Volta e meia uma autoridade do governo federal expressa inconformismo com brasileiros que não consideram que o País ingressou no primeiríssimo mun­do a partir do dia 1º de janeiro de 2003. Sobre os manifestos do ano passado, por exemplo, o ministro Gilberto Carvalho disse que o governo ficou “perplexo” e o sentimento era quase de “ingratidão”:

Quando acontecem as ma­ni­­fes­tações de junho, da nossa parte houve um susto. Nós ficamos per­plexos. Quando falo nós, é o go­verno e também to­dos os nossos movimentos tradicionais. [Houve] uma certa dor, uma in­com­preensão e qua­se um sentimento de ingratidão. [Foi como] di­zer: fizemos tanto por essa gente e agora eles se levantam contra nós.”

Pois é. Ingrato, esse povo. Gilbertinho deve ter ficado ainda mais assustado e perplexo na semana passada, com a divulgação de pesquisa do Pew Research Center, dando conta de que a maioria significativa dos brasileiros está descontente com a situação geral do país, refletindo um cenário em que houve forte aumento nos últimos 12 meses dos que consideram que a economia vai mal.

Entre 10 e 30 de abril, o levantamento constatou que nada menos que 72% disseram estar insatisfeitos com o estado de coisas no Brasil, bem acima dos 55% registrados há um ano, semanas antes das manifestações de junho de 2013. Já o porcentual dos que afirmaram estar satisfeitos recuou de 44% para 26%.

Anota o “Valor Econômico”: “Nesse período de um ano, a parcela dos brasileiros que consideram que a economia vai mal subiu de 41% para 67%. Apenas 32% dos entrevistados considera que a economia está bem, um tombo expressivo em comparação com os 59% observados na pesquisa de 2013.

“O aumento de preços é apontado como um “problema muito grande” por 85% dos ouvidos pelo Pew, um respeitado centro de pesquisas dos Estados Unidos.
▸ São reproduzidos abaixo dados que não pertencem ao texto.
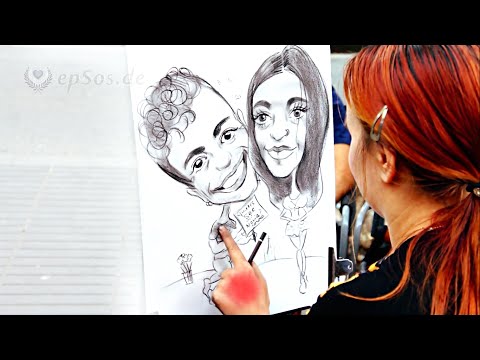 Видео: рисунок забавных портретов для влюбленных пар.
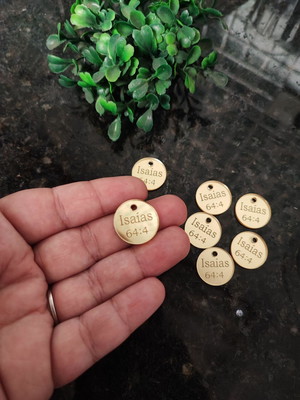 Kit 40 tags /etiqueta 2cm acrílico espelhado personalizada
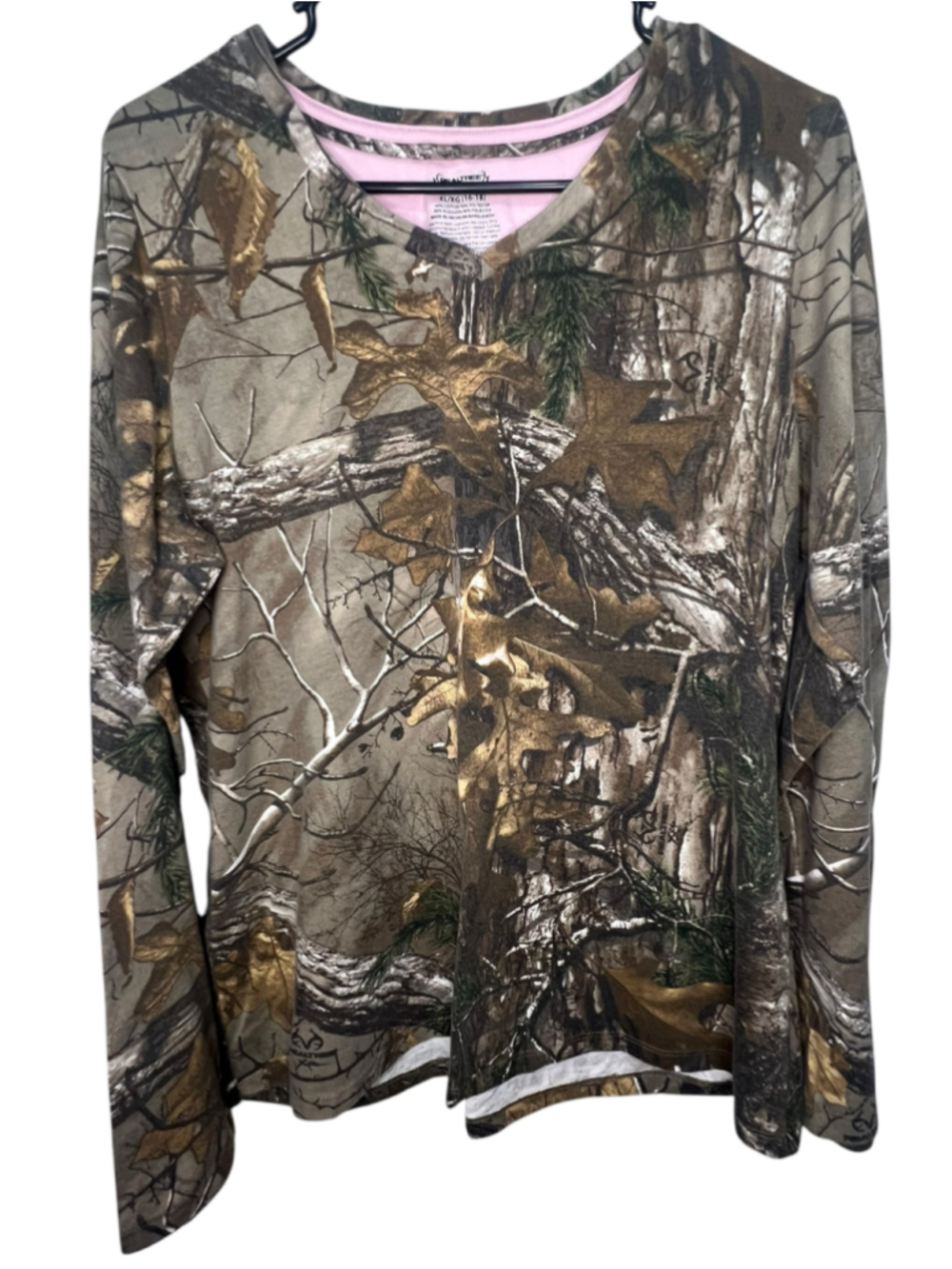 Realtree Camo V-Neck Long Sleeve Outdoor Hunting Shirt With Pink Trim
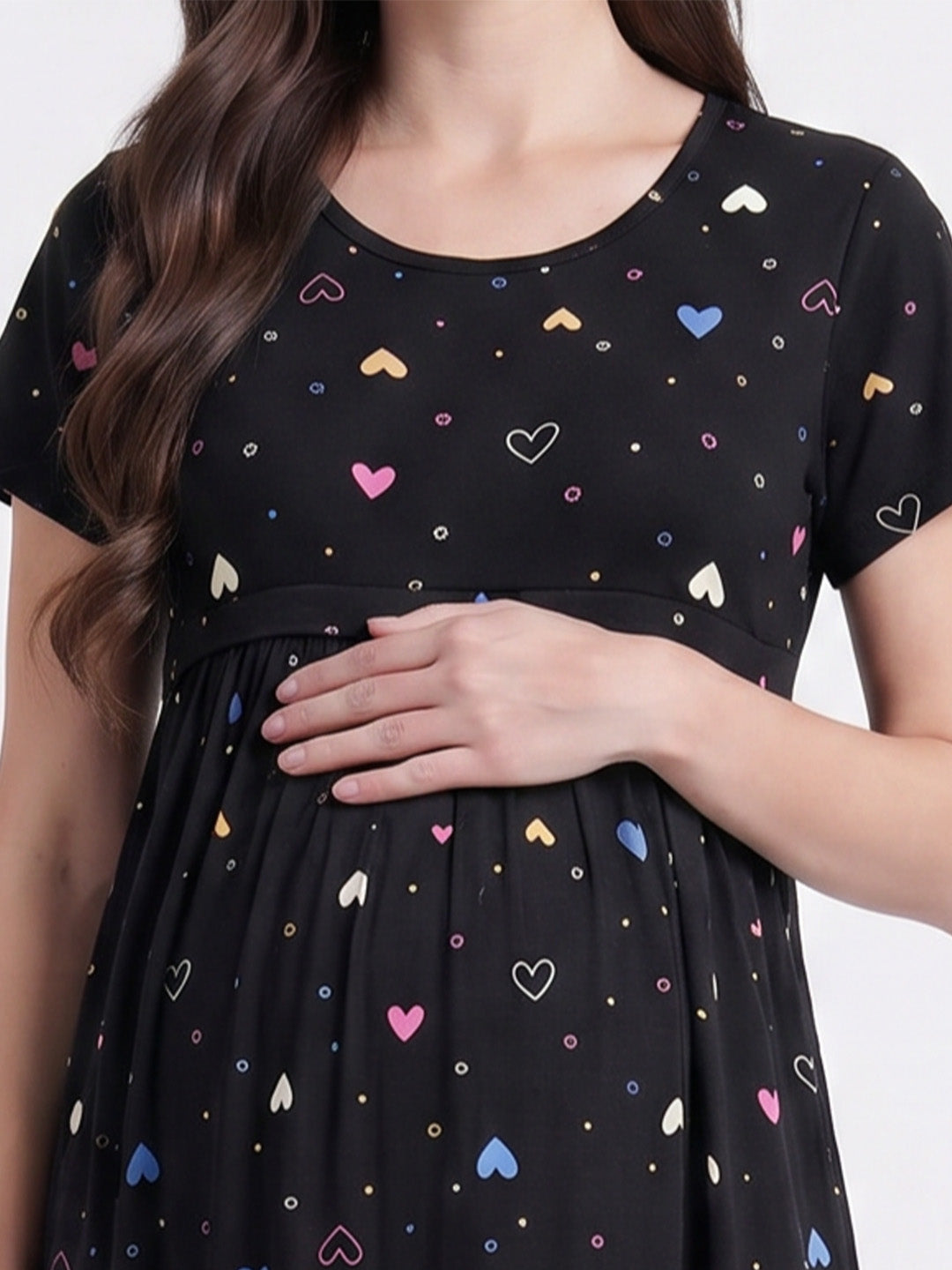 Black Heart Print Hosiery Maternity Nighty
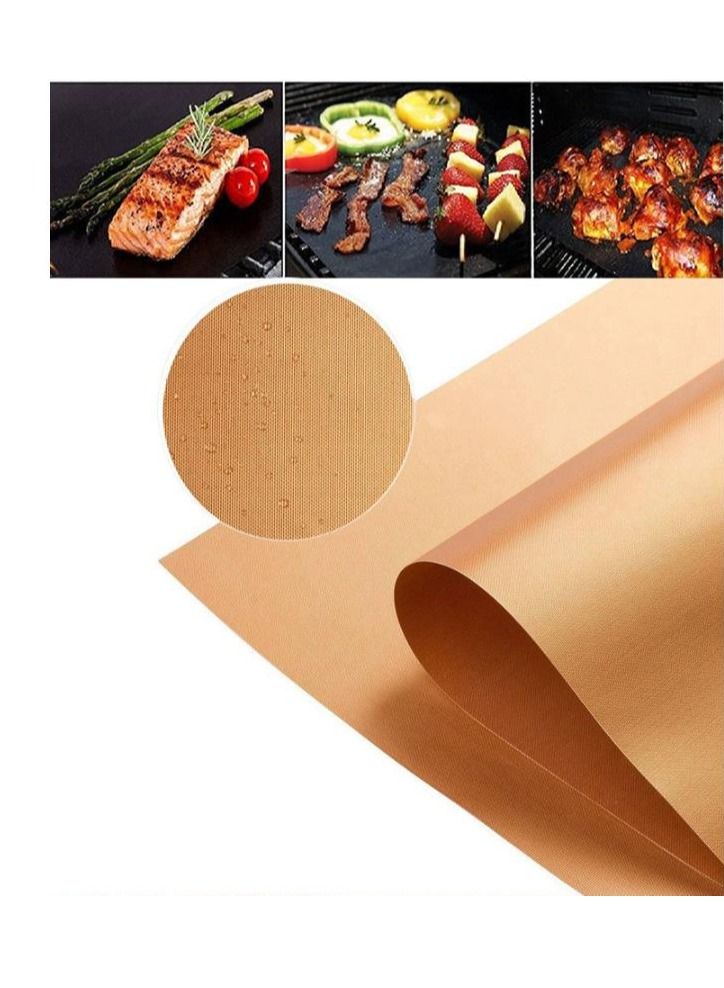 5-Piece Reusable Non Stick BBQ Grill Mat Set For Electric Grill Gas Charcoal BBQ And Camping 40*33cm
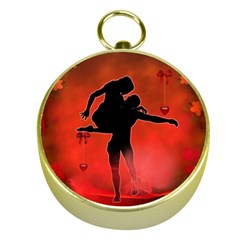 Dancing Couple On Red Background With Flowers And Hearts Gold Compasses by FantasyWorld7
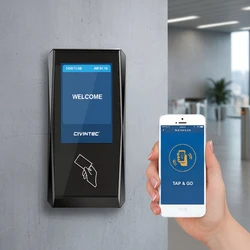 โลโก้ที่ปรับแต่ง 1356MHz โมดูล NFC โทรศัพท์หน้าจอสัมผัส แป้นพิมพ์กันน้ำ เครื่องอ่านบัตรสมาร์ท Tcpip ระบบควบคุมการเข้าถึง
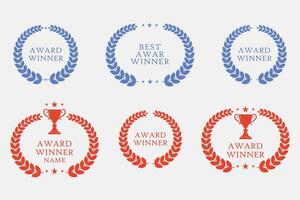 Set of Colorful Award Laurel vector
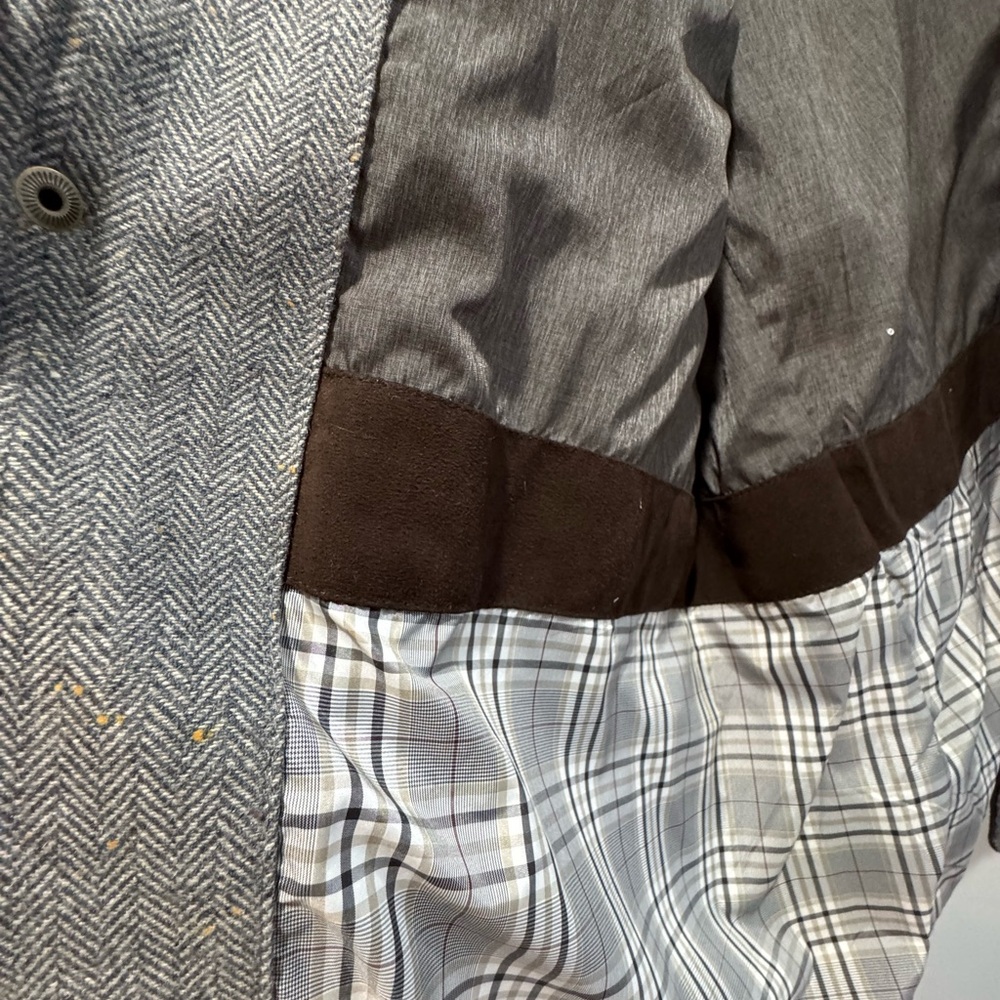 Jos. A. Bank 1905 Collection Gray Zip  Herringbone Quilted Barn Coat Men M - Picture 10 of 16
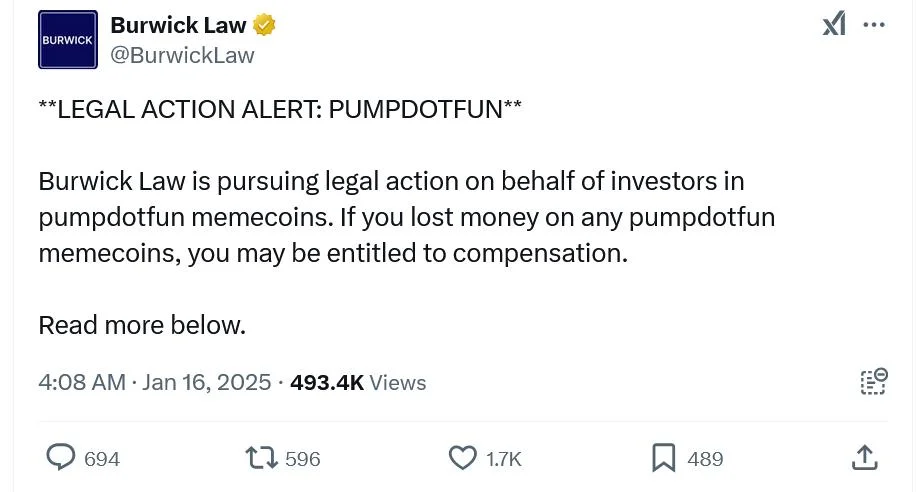 Law firm says it’s pursuing potential legal action against Pump.fun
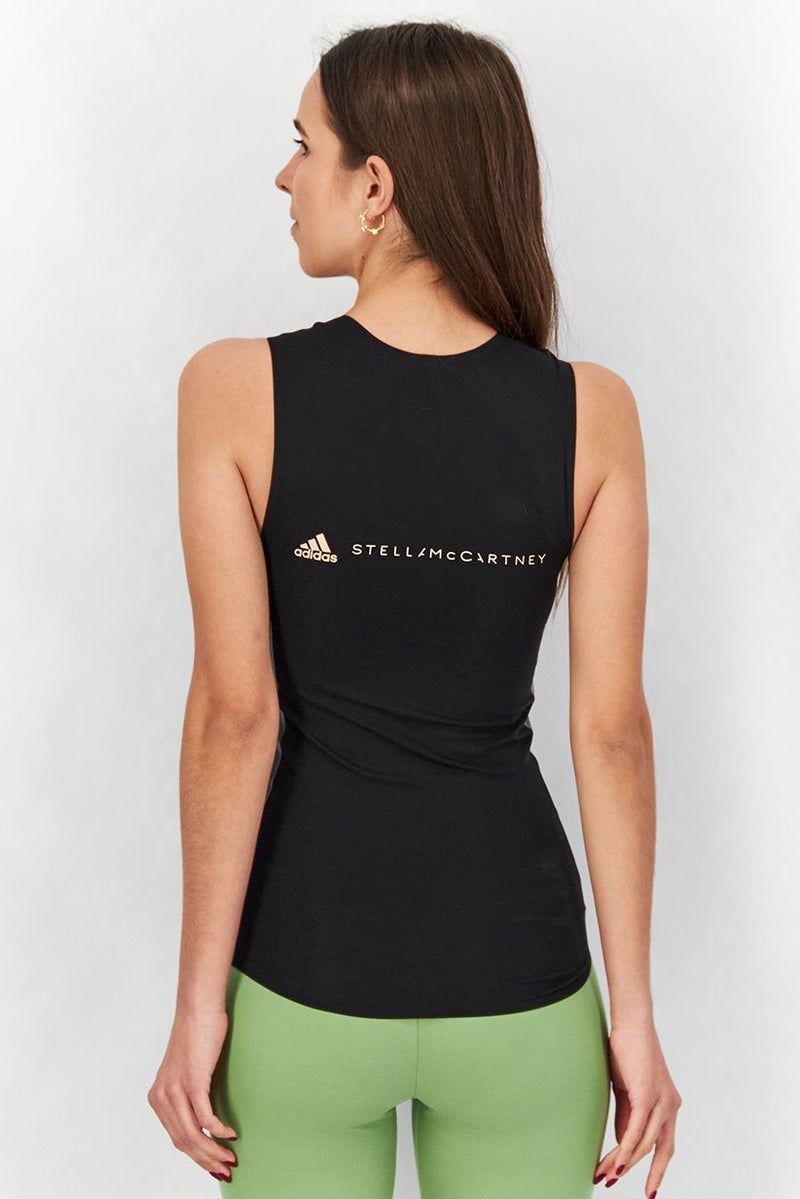 Adidas أديداس بواسطة ستيلا مكارتني ملابس رياضية نسائية بلا أكمام، أسود - Image 4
Esse porcentual é parecido com os 83% registrados um ano atrás.”

Crescimento econômico baixíssimo — o pior entre os países emergentes —, inflação real derretendo o poder de compra, escândalos quase diários, corrupção deslavada em obras públicas, aparelhamento do Estado. Esses são apenas alguns dos males que a população está percebendo. Não tem nada de “ingratidão”. É indignação.